A GROUP of Australian Aborigines asked the United Nations yesterday for refugee status, claiming special emergency laws to curb alcohol and sexual abuse in the remote outback have turned them into outcasts at home.

Richard Downs, a spokesperson for the 4,000-strong Alyawarra people in central Australia, said the request was given to James Anaya, the UN special rapporteur on indigenous human rights, during a fact-finding tour to Australia.

"We've got no say at all. We feel like an outcast in our community, refugees in our own country," Downs said.

A letter given to Anaya, in Australia at the invitation of the government to examine a so-called "intervention" by police and soldiers in the Northern Territory two years ago, asked the UN to list the Alyawarra as internally displaced.

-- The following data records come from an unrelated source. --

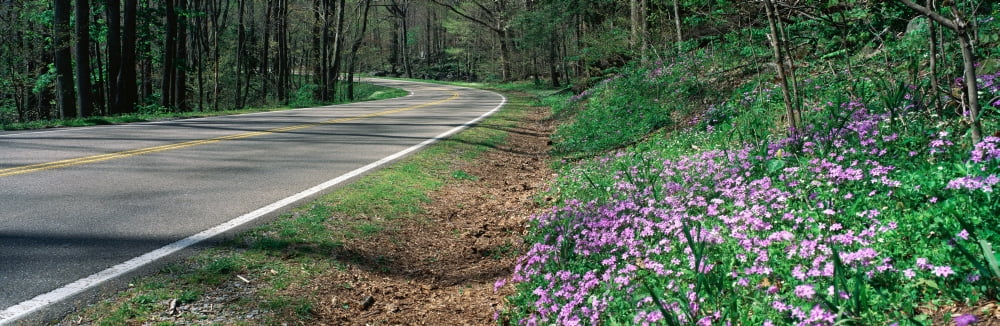 Country road through Great Smokey National Park Tennessee Canvas Art - Panoramic Images (27 x 9)
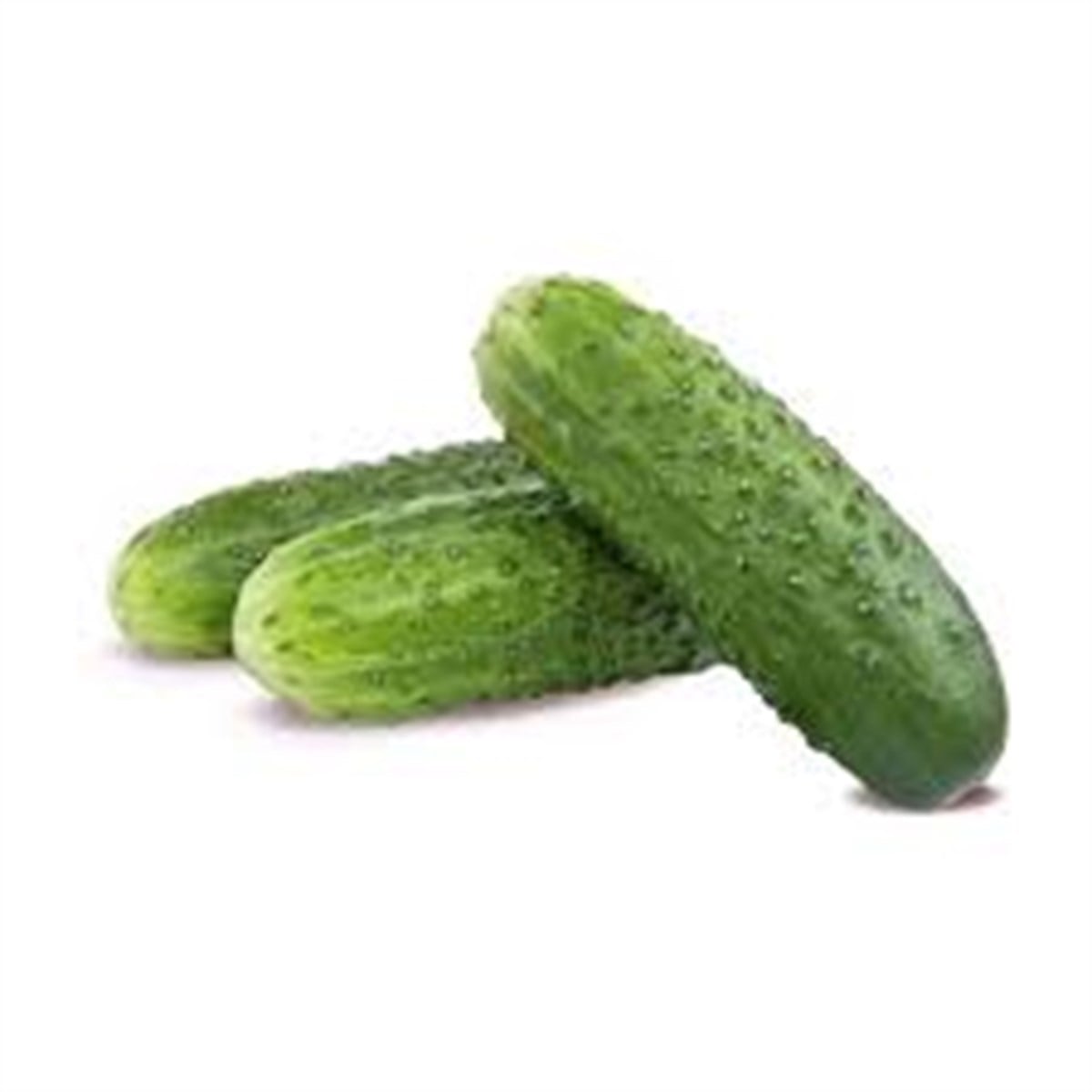 SALATALIK DIKEN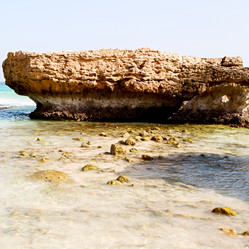 Similar image 11479305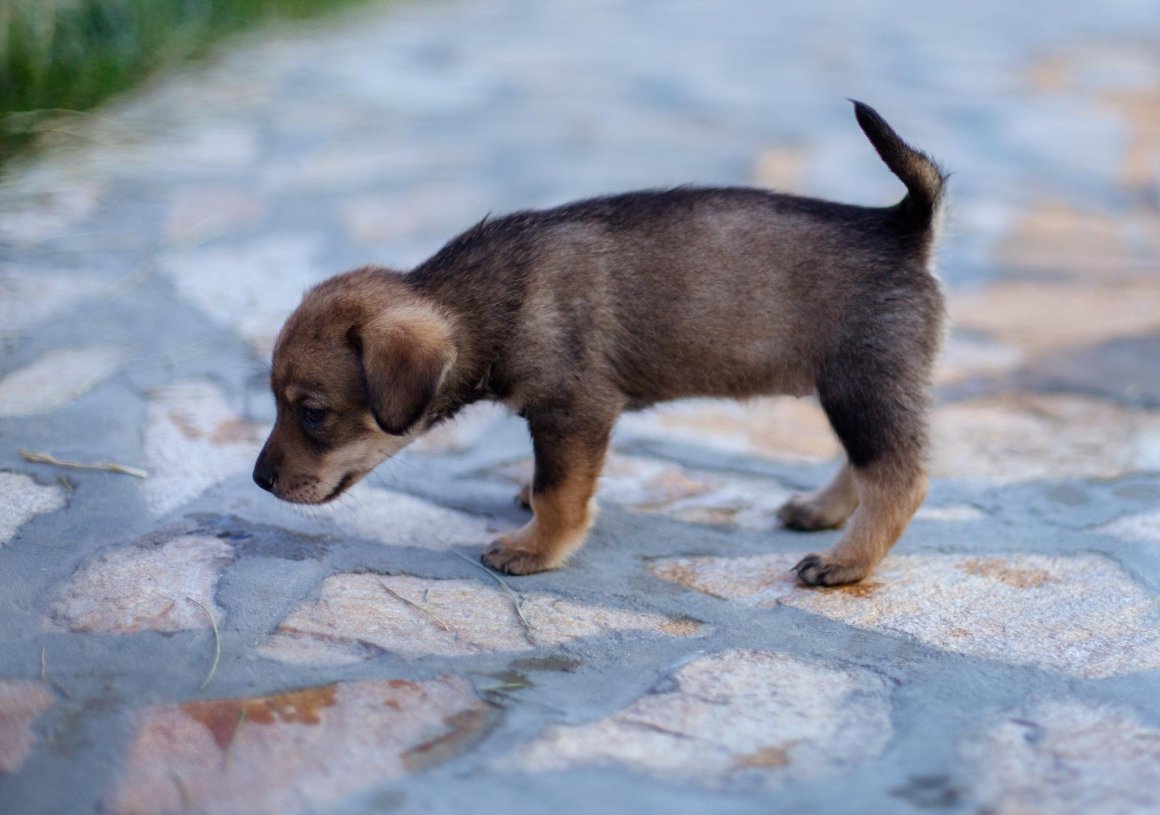 Щенки дворняги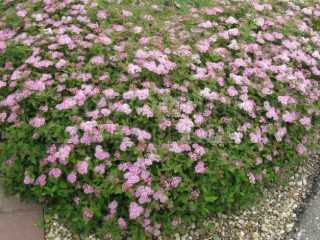 Spiraea japonská malá princezná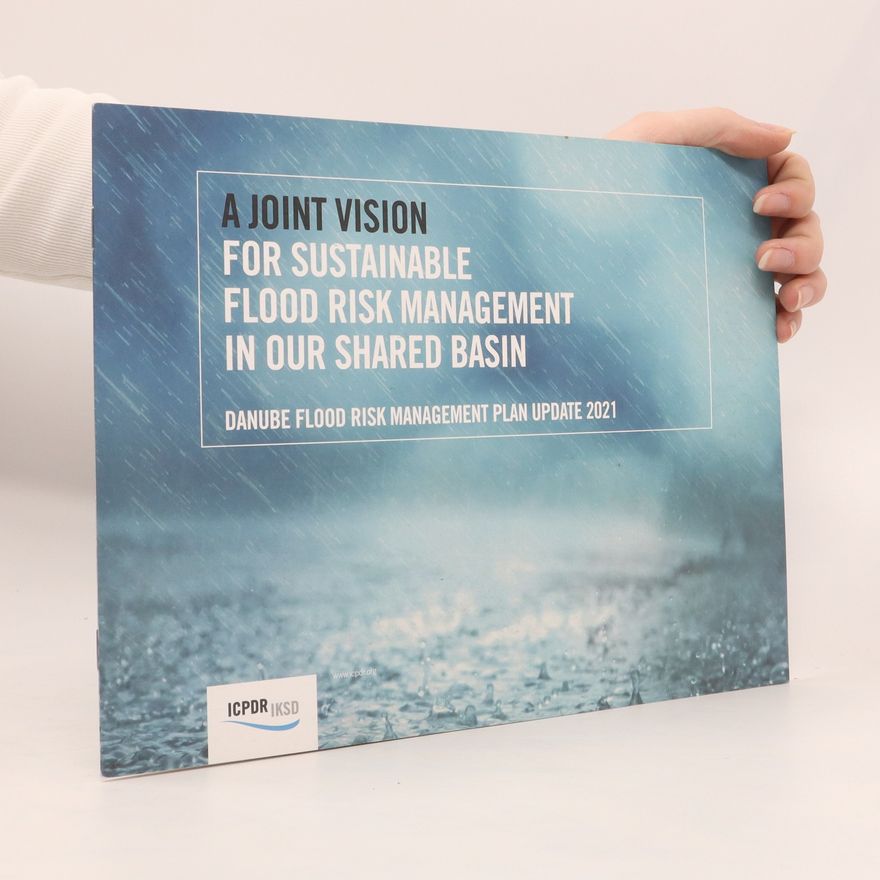 Kolektív autorov A Joint Vision for Sustainable Flood Risk Management in our Shared Basin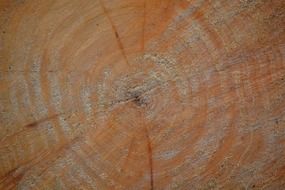 tree wood circles nature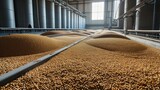 A huge granary is filled with grain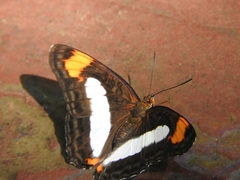Adelpha paroeca paroeca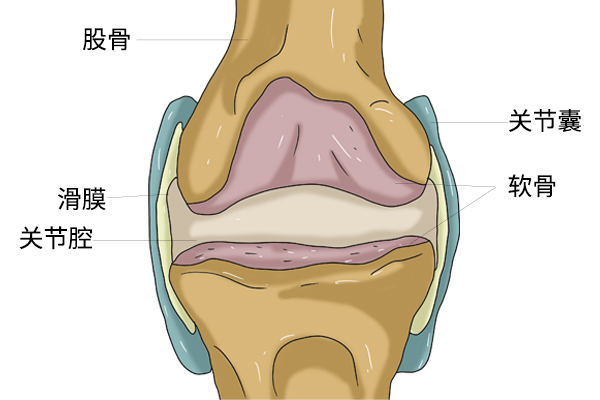 上下楼梯时，总感觉膝盖疼痛，是怎么回事？该怎么缓解？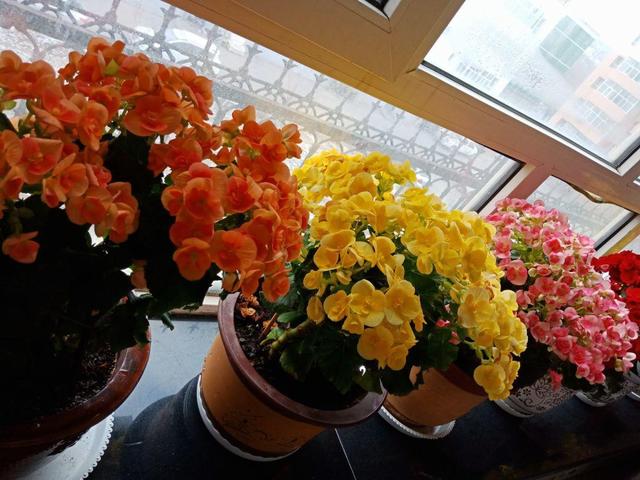 丽格海棠不好养，这么浇水，就能让它四季开花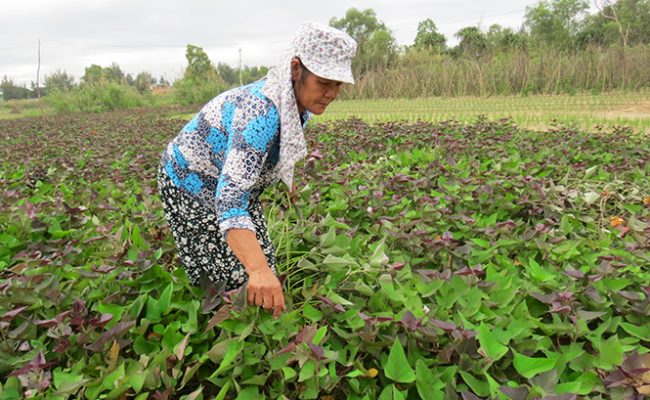 Khoai Lang Bảo Ninh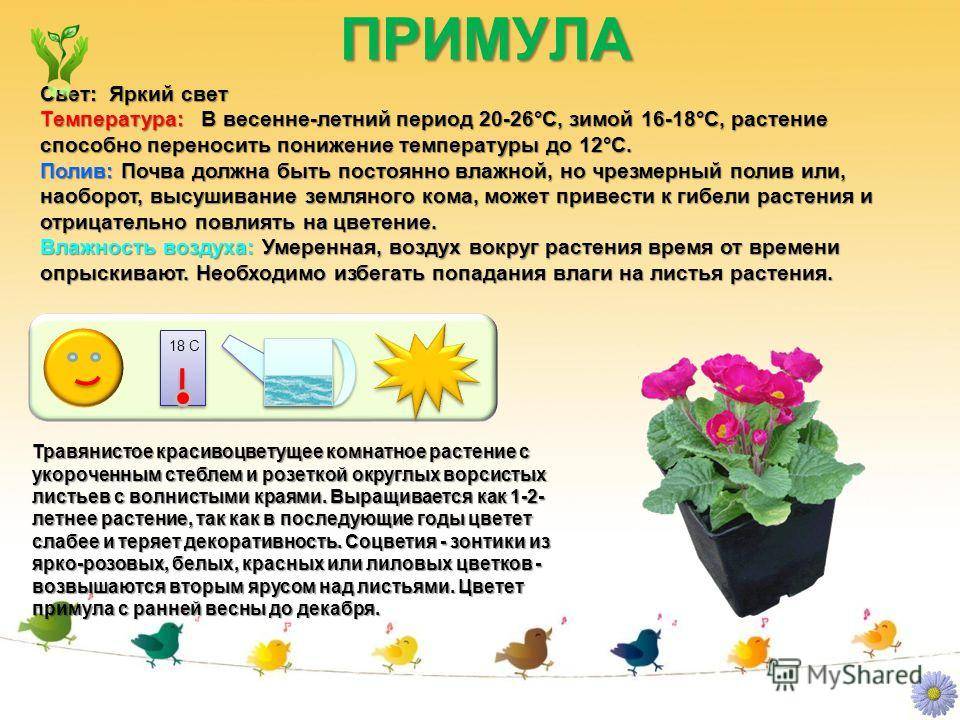 Фиалка бой быков: описание сорта и фотографии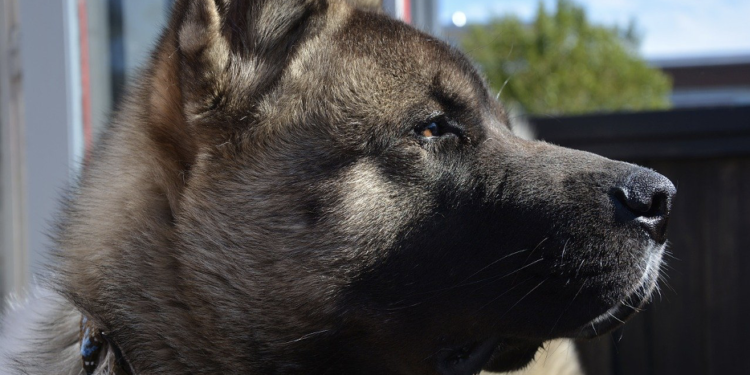 Health Issues of the American Akita Dog - TechTesy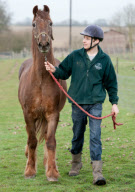 Ältestes Pferd der Welt: Irish Draught Horse Chestnut Mix Shayne lebt mit 51 Jahren in Essex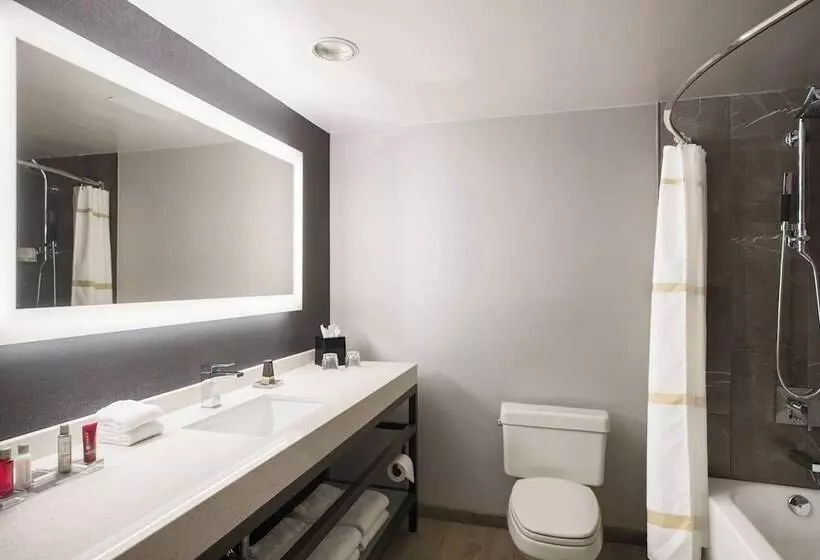 ダブルベッドスタンダードルーム, Courtyard By Marriott Chicago At Medical District Uic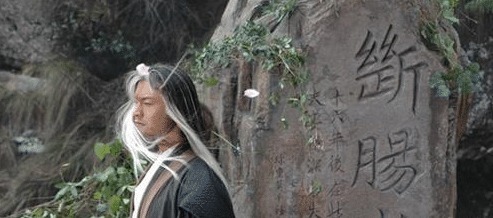 段誉!它是金庸书中最难学的武功,只有一个人会,不是六脉神剑!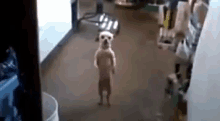 Dance Dog GIF - Dance Dog Standing GIFs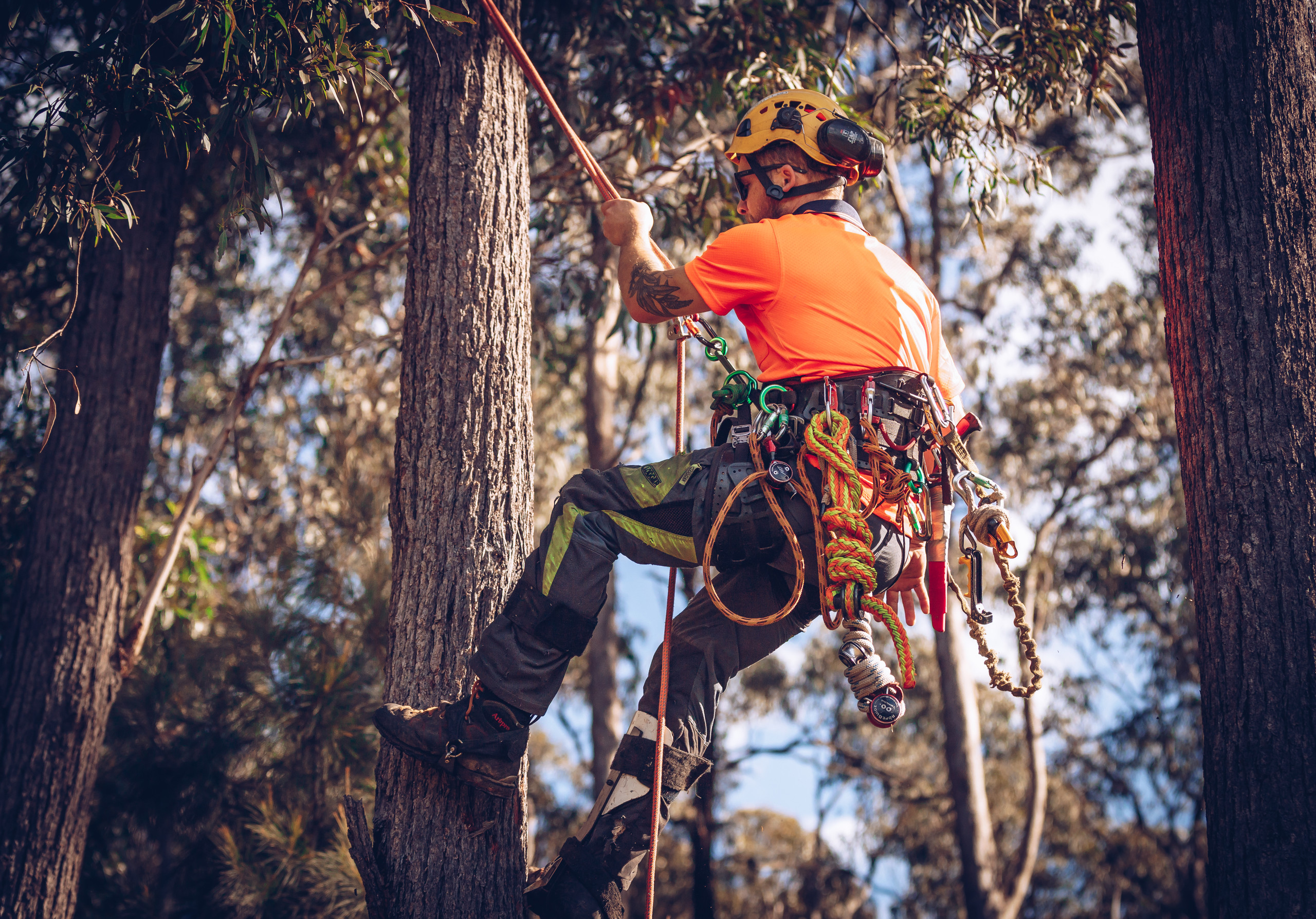 Chainsaw Pants & PPE NZ | Clogger Protective Gear for Arborists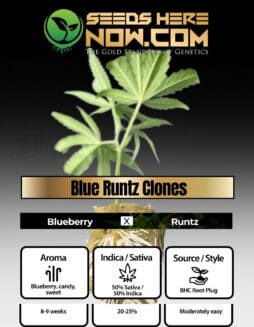 BHC - Blue Runtz Clones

The intervention, launched by the former conservative government in June 2007 to stamp out widespread child sex abuse, fueled by chronic alcoholism in indigenous communities, had taken away indigenous rights, Downs said.

Australia's 460,000 Aborigines make up about 2 percent of the population. They suffer higher rates of unemployment, substance abuse and domestic violence, and have a life expectancy 17 years shorter than other Australians.

Prime Minister Kevin Rudd has made indigenous affairs a priority of his government, winning praise for apologizing in parliament for historic injustices against Aborigines.